New Delhi: India’s second largest operator by revenue Bharti Airtel has appointed seven joint bookrunners and joint lead managers to kick start the process of a potential fund raising exercise through dollar denominated perpetual bonds, the company said in an exchange filing on Tuesday.

BofA Merrill Lynch, Barclays, BNP Paribas, Citigroup, HSBC, J.P. Morgan and Standard Chartered Bank will conduct a series of fixed income investor meetings/calls across Asia, Europe and the US commencing 2 October for this purpose.

Airtel’s wholly-owned subsidiary Networki2i will be the official borrower and is expected to issue the bonds, the company said, without divulging how much it plans to raise and the use of such proceeds.

The operator is likely to raise $750 million to $1 billion and will use it to reduce debt, a person aware of the development said requesting anonymity. Airtel’s consolidated net debt was 1.16 trillion as of June end.

The exercise to explore a fund raise comes at a time when the company is battling intense competition from rival Reliance Jio that entered the sector in September 2016.

Jio’s strategy to garner subscribers through cheap data tariffs has made it imperative for rivals to pump in funds in the cash-guzzling telecom sector.

To be sure, in March, Bharti Airtel’s promoters and Singapore’s sovereign wealth fund GIC had said they will together invest 16,785 crore as part of a rights issue approved by the operator’s board in February as it aims to strengthen its balance sheet and continue investment in networks in a hyper-competitive telecom market.

This had come just a week after the company’s board in February approved a rights issue of 25000 crore as well as raising 7000 crore through foreign currency perpetual bond issue, taking the total capital raise to 32000 crore.

Raising more funds for India business is crucial for Airtel as its profit has fallen every quarter since the entry of Reliance Jio. In fact, in the June quarter, Airtel posted its first quarterly loss in 14 years at 2,866 crore as finance costs rose and it incurred a one-time loss of 1,445 crore.
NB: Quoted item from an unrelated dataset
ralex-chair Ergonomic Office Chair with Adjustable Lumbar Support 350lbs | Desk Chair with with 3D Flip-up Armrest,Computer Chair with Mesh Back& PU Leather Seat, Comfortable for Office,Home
It had recorded a net profit of 97 crore in the June quarter a year earlier.

Airtel’s revenue from India wireless business was 10,724 crore for the June quarter. In comparison, Reliance Jio generated 11,679 crore in operating revenue in the June quarter, beating Airtel on this metric.

The launch of low-cost tariff plans by Reliance Jio, a unit of Reliance Industries Ltd, forced rivals to drop their rates, hurting profit margins. Smaller companies were forced to either shut shop or get acquired, leaving just Airtel, Jio and the merged entity of Vodafone and Idea to compete in the Indian market.

Operators, including Airtel, also need funds to buy airwaves for the launch of 5G services. The department of telecommunications plans to hold the auction in January.

Airtel is also toying with the idea of completely divesting its stake in the proposed merged entity of Indus Towers and Bharti Infratel by selling stake to PE funds, Mint had reported on Monday.

The company’s Africa arm -- Airtel Africa -- had in June raised $750 million through an initial public offering (IPO). Prior to that, six investors, including Warburg Pincus, Temasek, Singtel and SoftBank Group International, in October invested $1.25 billion through a primary equity issuance in Airtel Africa. Sunil Kant Munjal of the Hero group was also part of this consortium. In January, Qatar Investment Authority, invested $200 million in the Africa arm.